*** Opening Given material ***
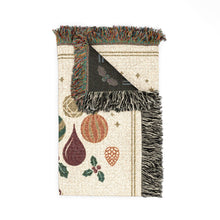 Load image into Gallery viewer, Vintage Ornament Pattern Woven Blanket
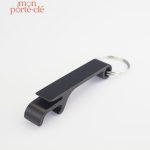 Porte-Clé Décapsuleur Pratique et Coloré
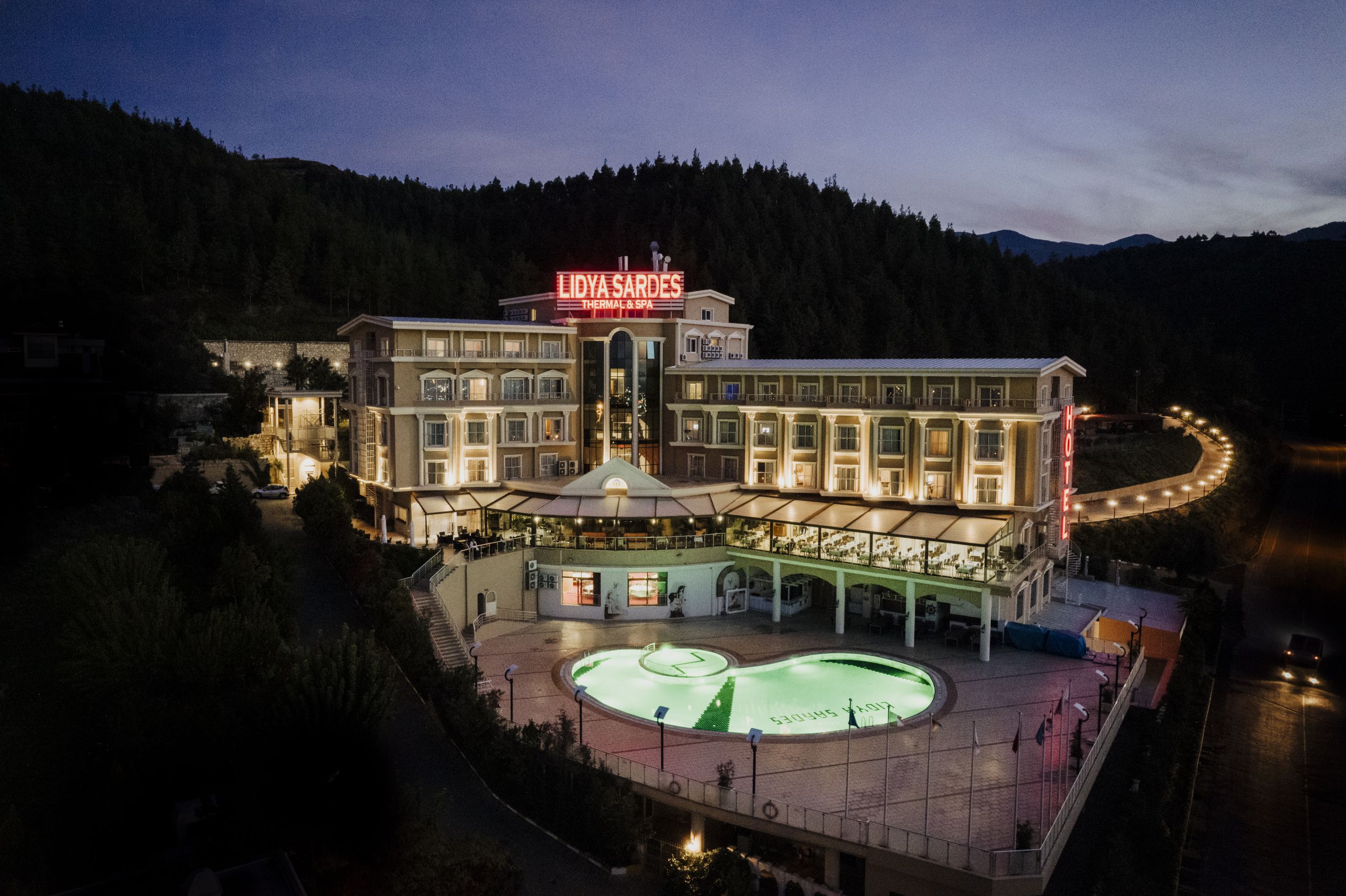 SALİHLİ LİDYA SARDES TERMAL HOTEL (1 Gece Konaklamalı Hafta Sonu Turu)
*** Closing Given material ***
■ Activity
Return every line shown above without changing a word, and skip the pictures.

■ Written solution
 Load image into Gallery viewer, Vintage Ornament Pattern Woven Blanket
 Porte-Clé Décapsuleur Pratique et Coloré
 SALİHLİ LİDYA SARDES TERMAL HOTEL (1 Gece Konaklamalı Hafta Sonu Turu)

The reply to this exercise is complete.